Le péché de chair aurait été le premier péché et, depuis lors, « la jolie pomme défendue » exercerait le même attrait avec les mêmes effets. Selon d’autres, aux intérêts plus intellectuels, c’est de la connaissance en général que Dieu aurait voulu frustrer l’homme dès l’origine, pour que, sans la lumière libératrice de la science, il soit maintenu en minorité dans la débilité et l’insignifiance. D’autres encore parlent de transgression nécessaire.
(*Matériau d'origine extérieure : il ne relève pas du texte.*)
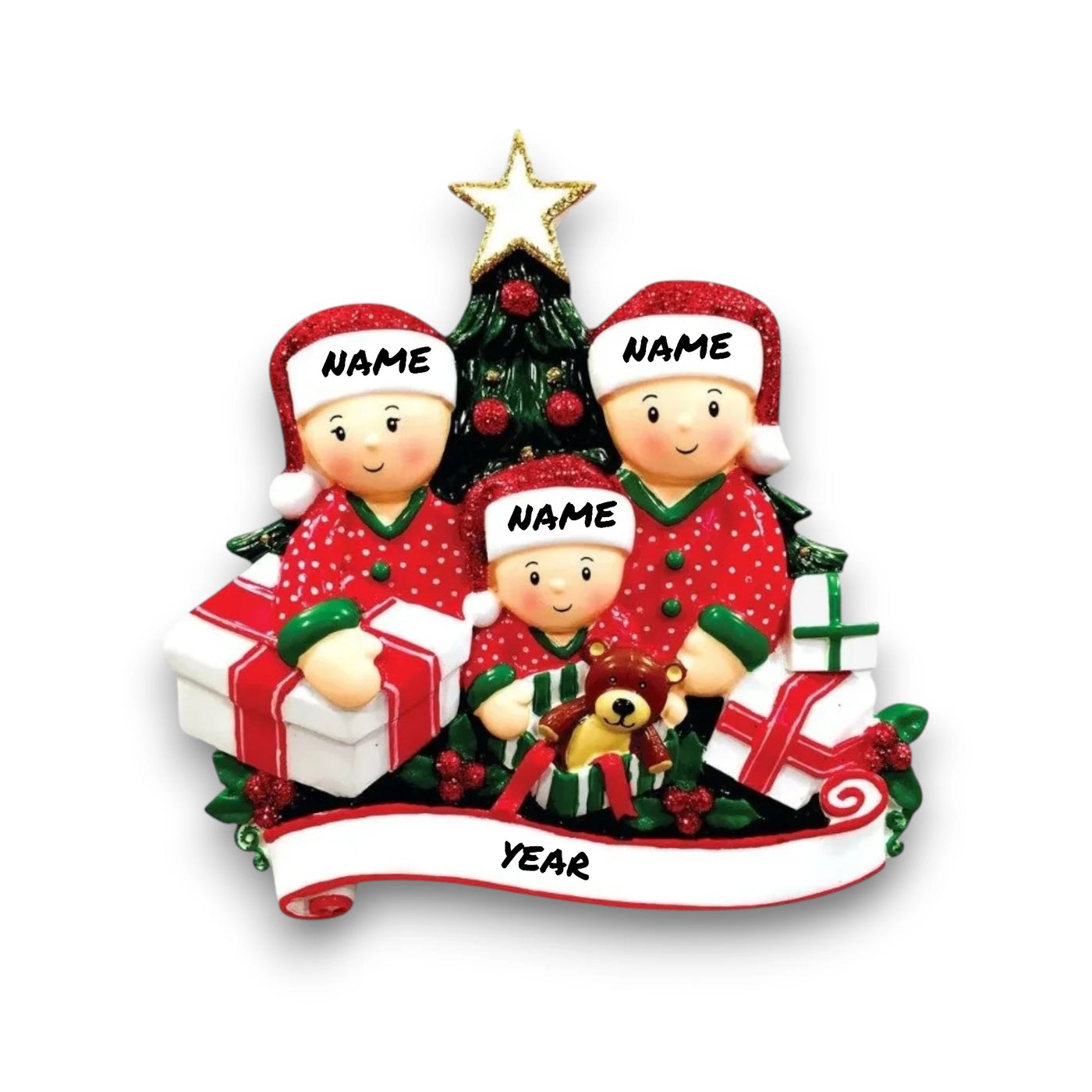  Personalized family of 3 Christmas ornament with family members opening presents under the tree, customizable with names and year.
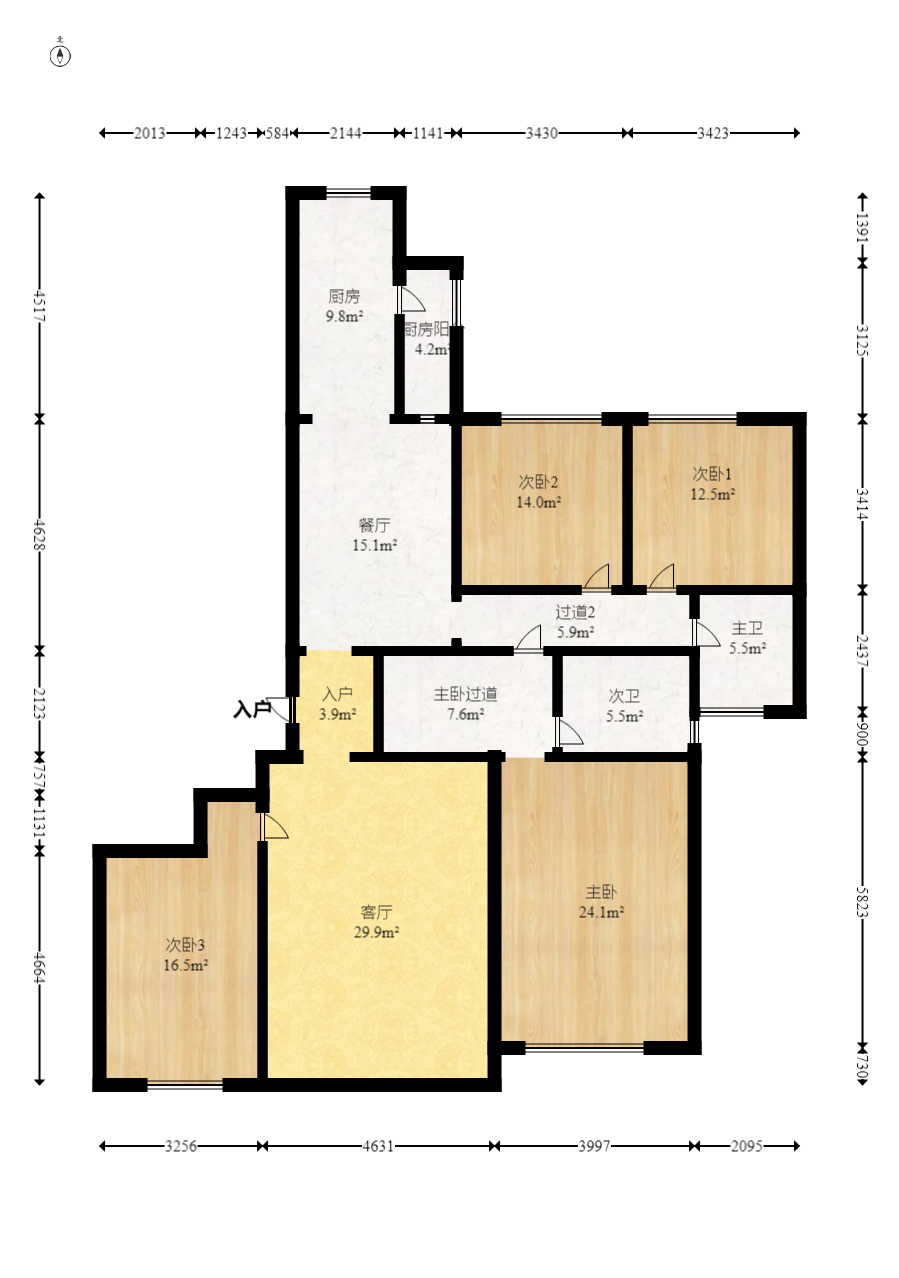 恒大御景半岛锦绣苑  4室2厅2卫    260.0万室内图1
Que cache ce fameux « arbre de la connaissance du bien et du mal » que trop de versions placent encore au centre du Jardin ?
Ce Jardin, Dieu l’avait dessiné avec amour pour que l’homme y connaisse la félicité au sein d’une nature familière et généreuse, appelant par son nom chacun des animaux que leur Créateur lui avait amenés. Seigneur du lieu de tous les délices, l’homme, homme et femme, n’avait qu’à y goûter les bontés de Celui qui avait tout fait pour lui. Rien ne manquait à son bonheur, ni à sa grandeur, sinon de vivre toujours comme Dieu. Et cela même lui était offert : planté au milieu du paradis et portant pour lui le plus désirable des fruits, trônait l’arbre de vie.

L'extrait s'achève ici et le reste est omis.